Patrick Drahi, propriétaire d’Altice, la maison mère de Numericable, le 20 novembre 2013, à Paris.

C’est une surprise. Selon nos informations confirmant celles obtenues par l’AFP, jeudi 12 février, le patron du groupe de télécoms Altice – Numericable, Patrick Drahi, et son associé, Marc Laufer, vont acquérir l’ensemble des magazines français que détient le groupe Roularta, soit le cinquième pôle français de presse magazine.

Avec cette acquisition, les deux hommes, déjà co-actionnaires de Libération, prennent une place croissante dans le paysage médiatique français.

Jusqu’ici, le périmètre des négociations exclusives entre les deux parties, ouvertes le 8 janvier, ne portait que sur une partie des magazines, dont L’Express, mais aussi sur Mieux vivre votre argent, Lire, Classica, Pianiste, Ciné Live, le site L’Entreprise, l’organisation de salons de recrutement Job Rencontres et le portail Distrijobs.

De son côté, le groupe belge Roularta entendait conserver son pôle Education (autour de L’Etudiant), Point de vue et son pôle Art de vivre, notamment avec le site cotemaisons.fr, les magazines Côté Sud, Côté Ouest, Côté Est, Côté Paris, ou encore Maison française Magazine.
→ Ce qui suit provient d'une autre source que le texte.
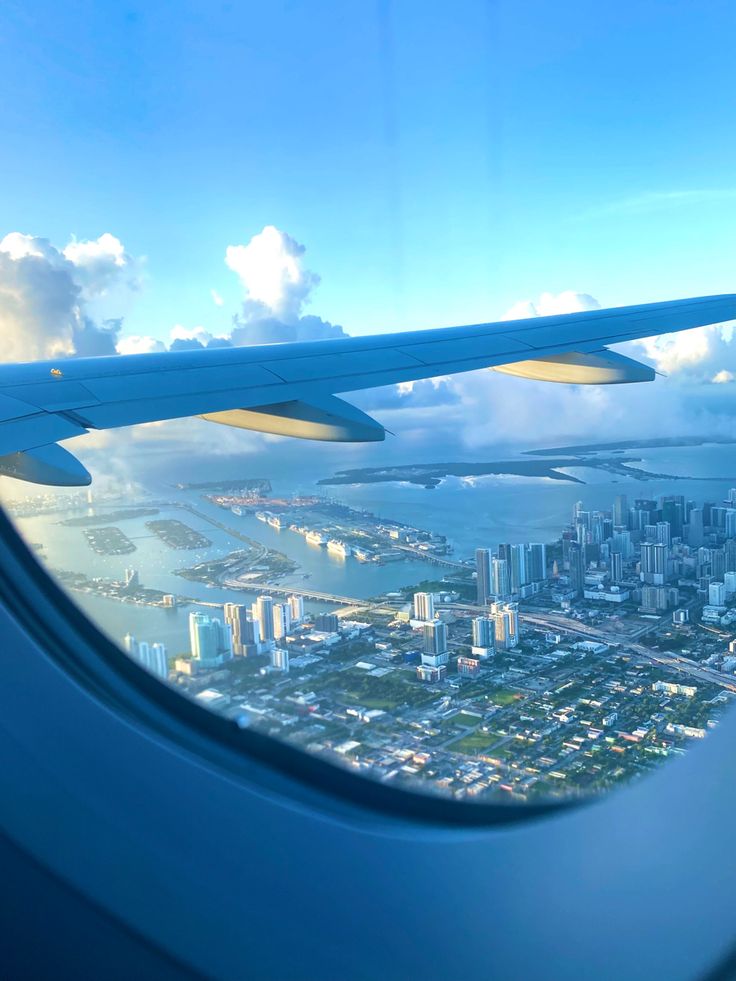 the view from an airplane window looking down on a city and water below it, with clouds in the sky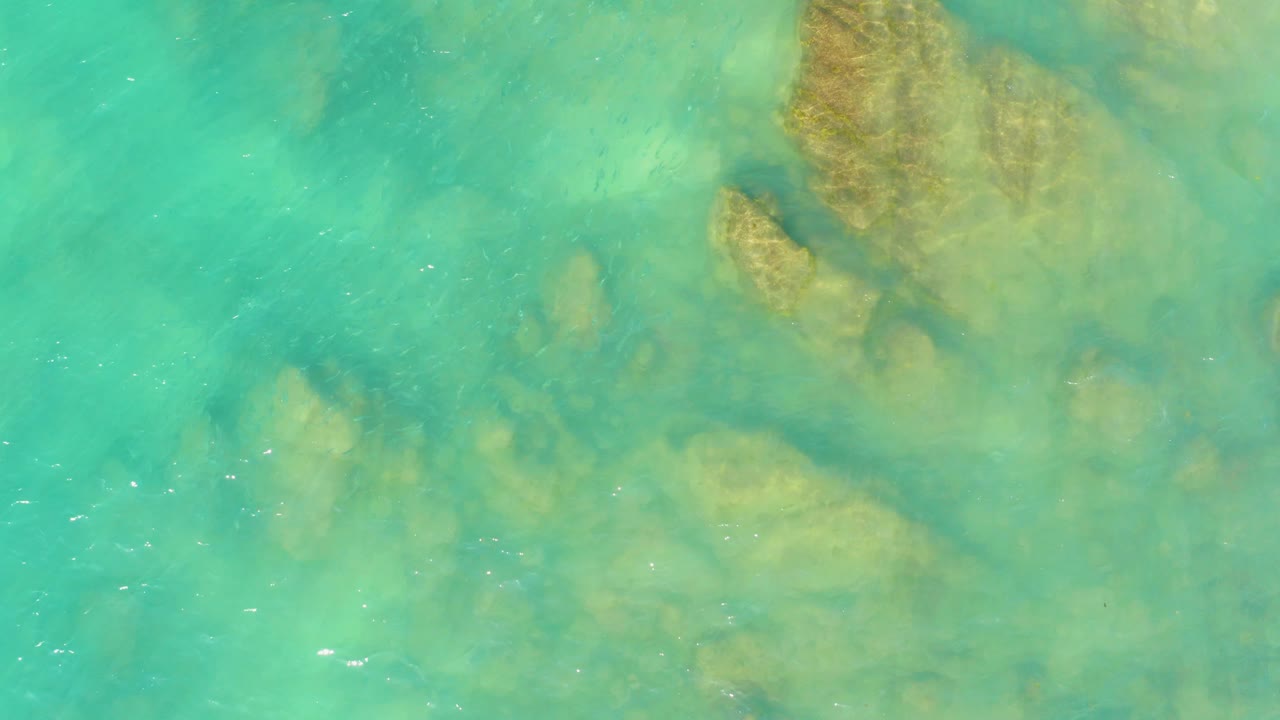Overhead view of turquoise water at El Tule Beach in Los Cabos with tan submerged rocks near the upper right and no visible people.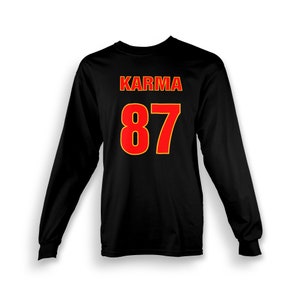 Op de afbeelding: Zwart shirt met lange mouwen met het woord "KARMA" en het nummer "87" gedrukt in rood met een gele omtrek.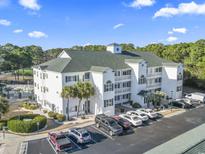 Three-story white condominium building with green shutters and well-maintained landscaping and parking lot at 131 Greenside Villas Dr. # B10, Little River, SC 29566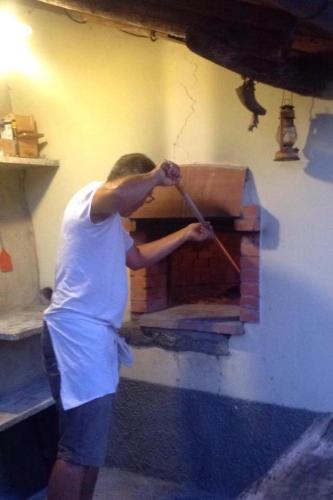 a man is putting something into a brick oven at Agriturismo Tripala in Minucciano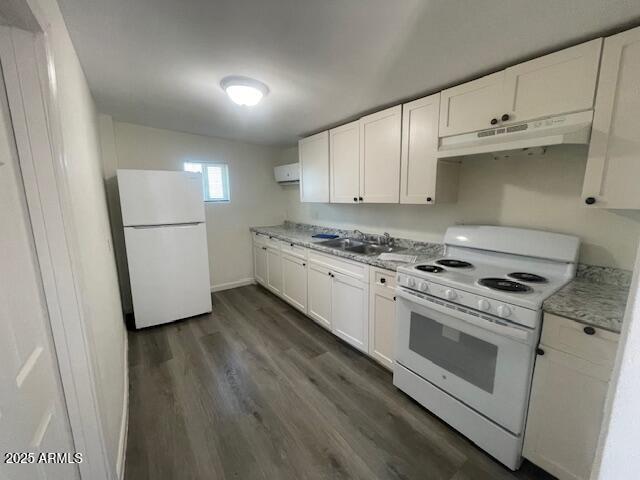 a kitchen with granite countertop white cabinets and white appliances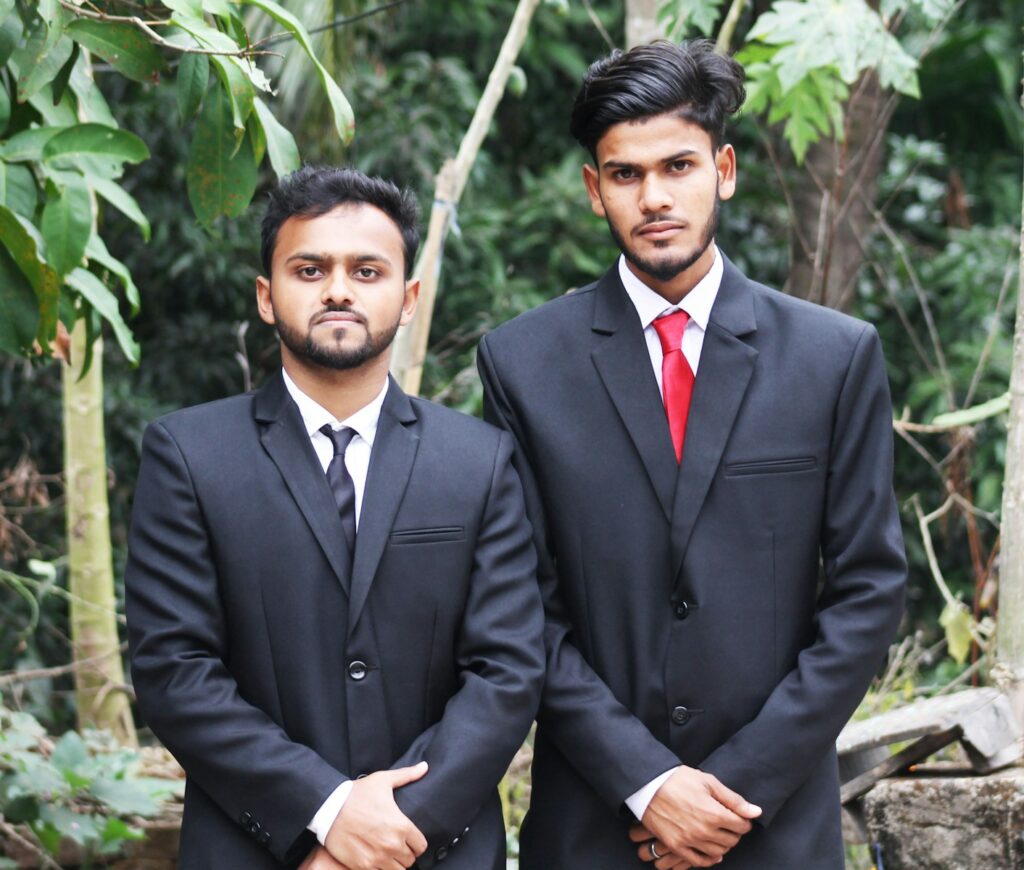 two men in suits standing next to each other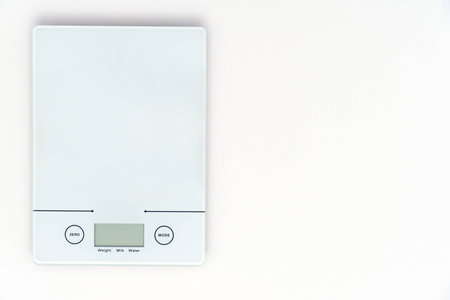 Digital weighing machine on a white backgroundの写真素材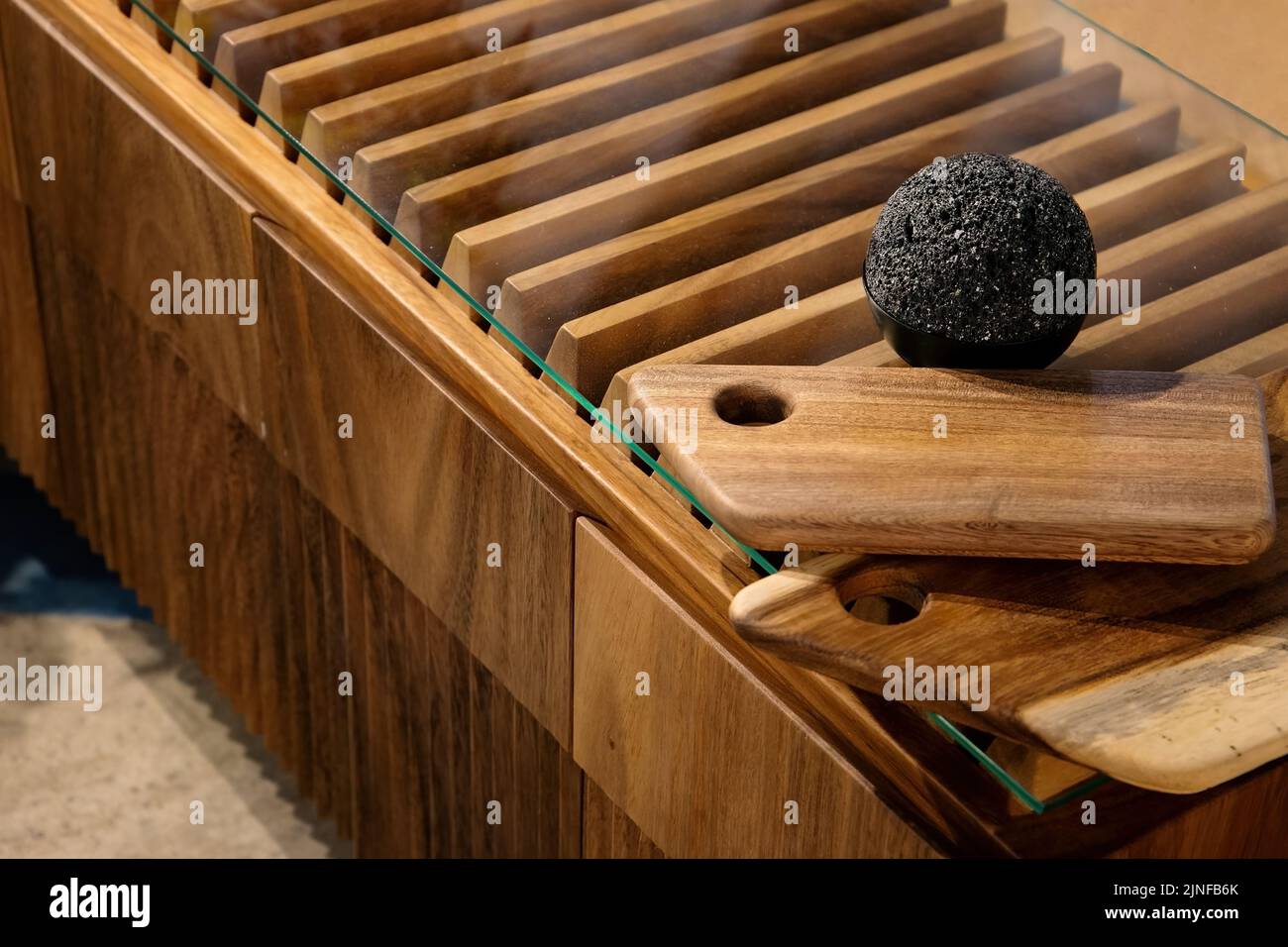 Une boule de granit noir sur le verre d'une petite commode en bois Banque D'Images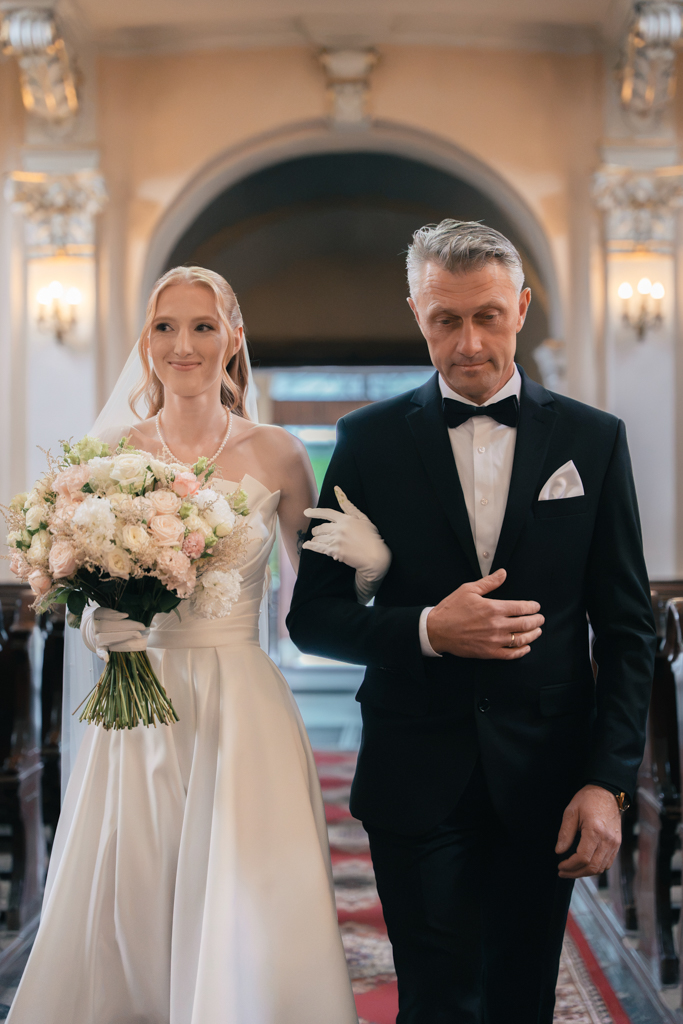 Panna młoda z bukietem pod rękę z mężczyzną w kościele.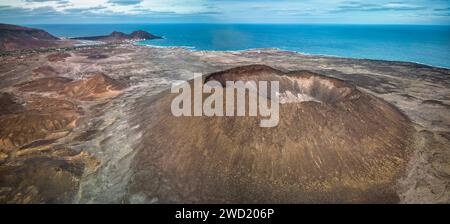 Luftaufnahme einer vulkanischen Küstenlandschaft (Vulkan Viana, Sao Vicente) mit einem markanten Krater im Vordergrund, karger Vegetation und einer kleinen Ville Stockfoto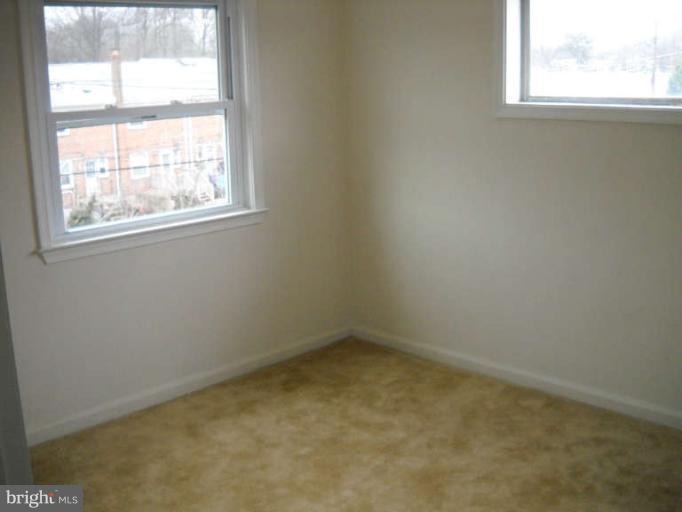 4412 Fenor Road Halethorpe, MD 21227 - Photo 6 of 8 an empty room with a window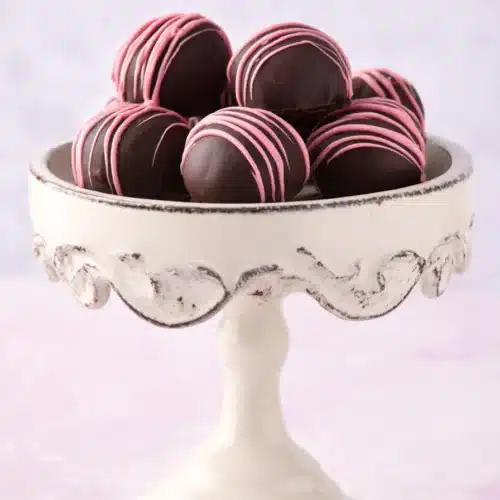 Chocolate raspberry truffles with pink drizzle on white dessert stand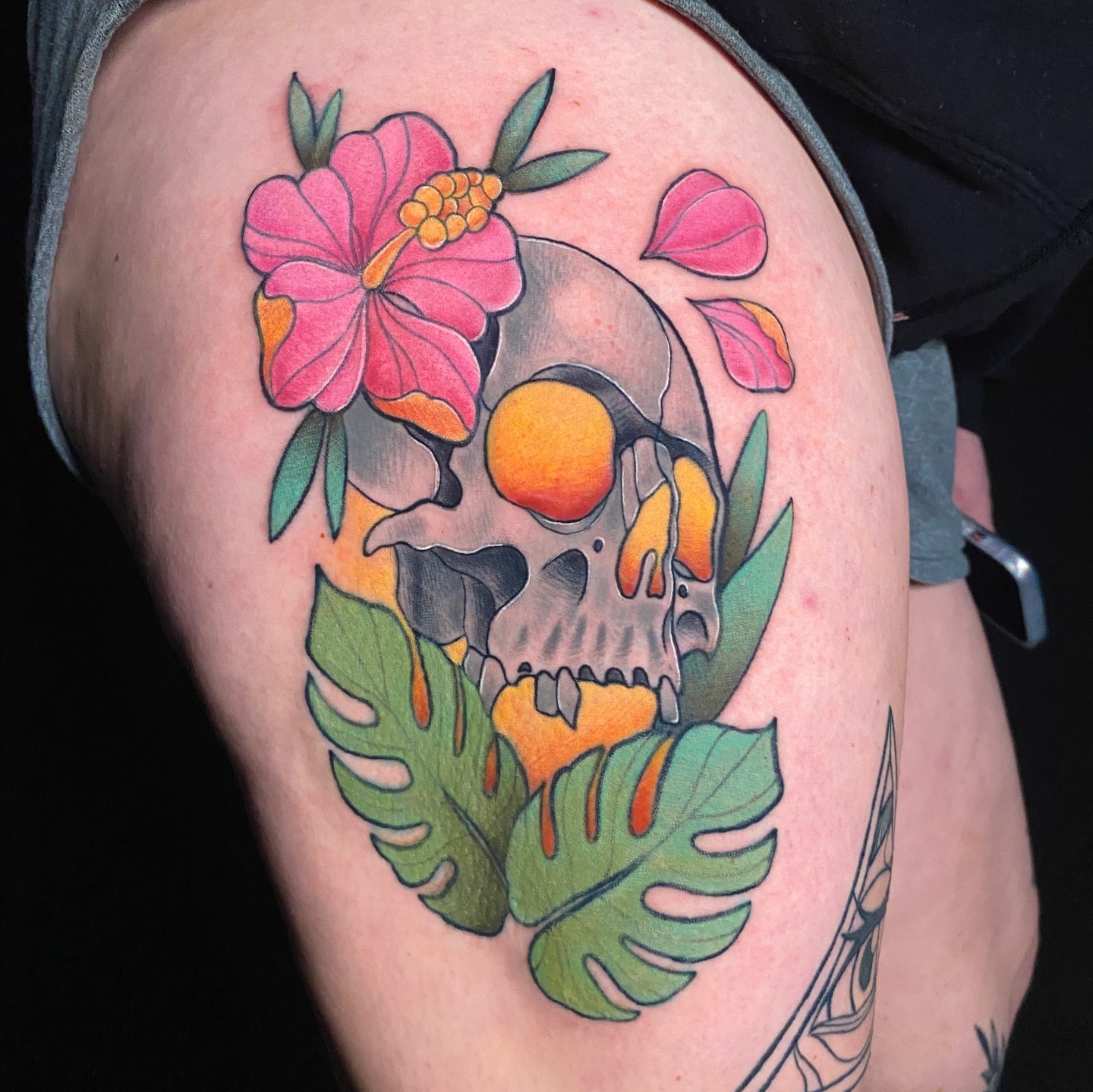 Skull with flowers American traditional tattoo on the thigh by Brian Overholt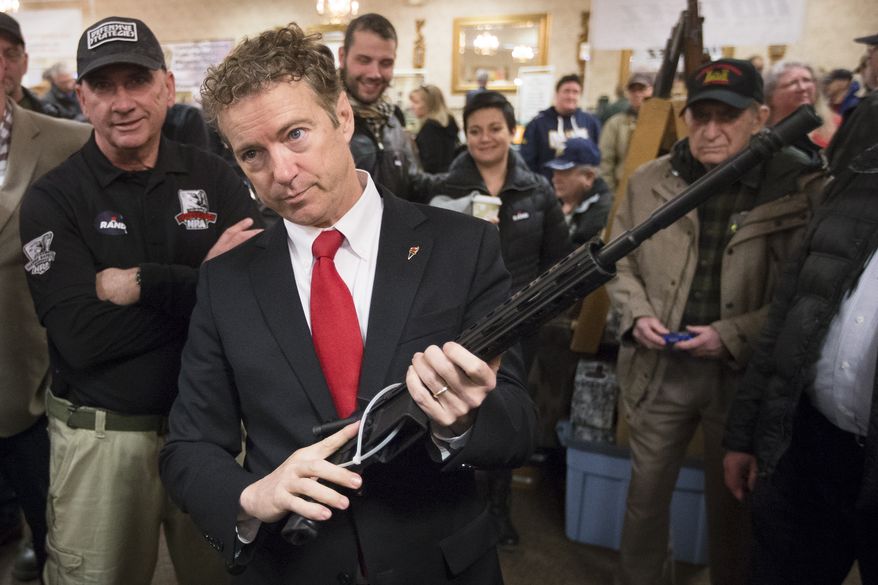 Republican presidential candidate, Sen. Rand Paul, R-Ky.,  handles a AR-15 style rifle as he meets with customers during a campaign stop at a gun show at Bektash Shrine Center, Saturday, Jan. 23, 2016, in Concord. (AP Photo/John Minchillo)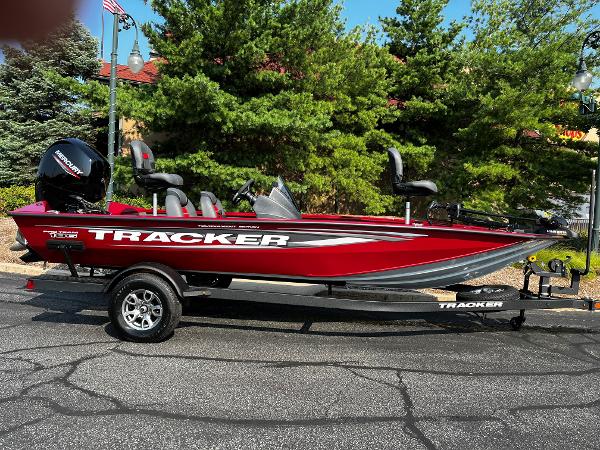 Tracker Pro Team 190 2025 Tracker Pro Team 190 boat, red, parked on a trailer, surrounded by trees.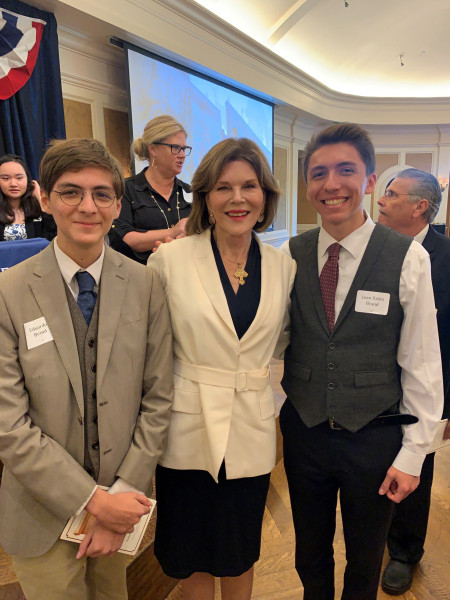 Barbara Elliott is shown with two of Dr. Clint Brand's sons, Eduardo and his brother Juan Pablo, who is her godson.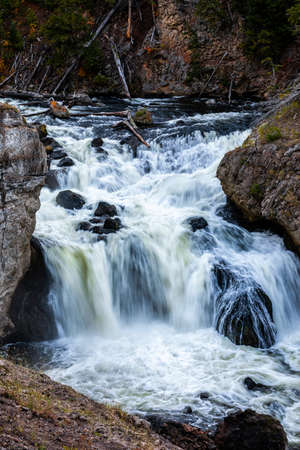 Blurry motion of flowing water of waterfall over black rock river.の写真素材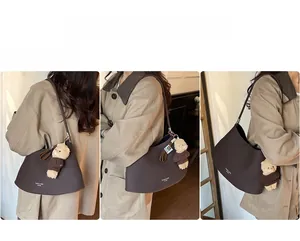 Detail view of brown leather crescent underarm bag with cute bear charm on model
Ces titres avaient d’ailleurs, un temps, été convoités par Le Figaro.

Il semble que les lignes aient bougé ces derniers jours et que MM. Drahi et Laufer aient trouvé les arguments pour convaincre Rik de Nolf, le patron de Roularta, de renoncer à sa présence française. Aucune confirmation officielle n’avait été faite, jeudi matin. Mais, selon nos informations, le comité d’entreprise avait été réuni en début de matinée et une réunion générale d’information devait se tenir au siège de L’Express, à 10 heures. Un communiqué de Roularta était également attendu.

Une dépréciation radicale

Pour le groupe belge, cette cession vient clore une décennie au bilan négatif. En 2006, Roularta avait déboursé plus de 210 millions d’euros pour acquérir ces magazines. Las, en raison de la baisse des recettes publicitaires et des ventes, ce pôle s’est mis à accumuler des pertes récurrentes, que des plans sociaux à répétition n’ont pu entraver. En 2013, le groupe belge avait ainsi accusé une perte nette de 57,9 millions d’euros, principalement due à ses magazines français.

Dès lors, la cession était devenu une option sérieuse et les rumeurs de vente se sont multipliées. Mais les discussions ont souvent achoppé sur le prix, Roularta refusant de brader son actif, malgré se dépréciation. Il est peu probable que le montant payé par MM. Drahi et Laufer soit divulgué, mais les transactions récentes dans le domaine des magazines se sont chiffrées au mieux en dizaines de millions d’euros.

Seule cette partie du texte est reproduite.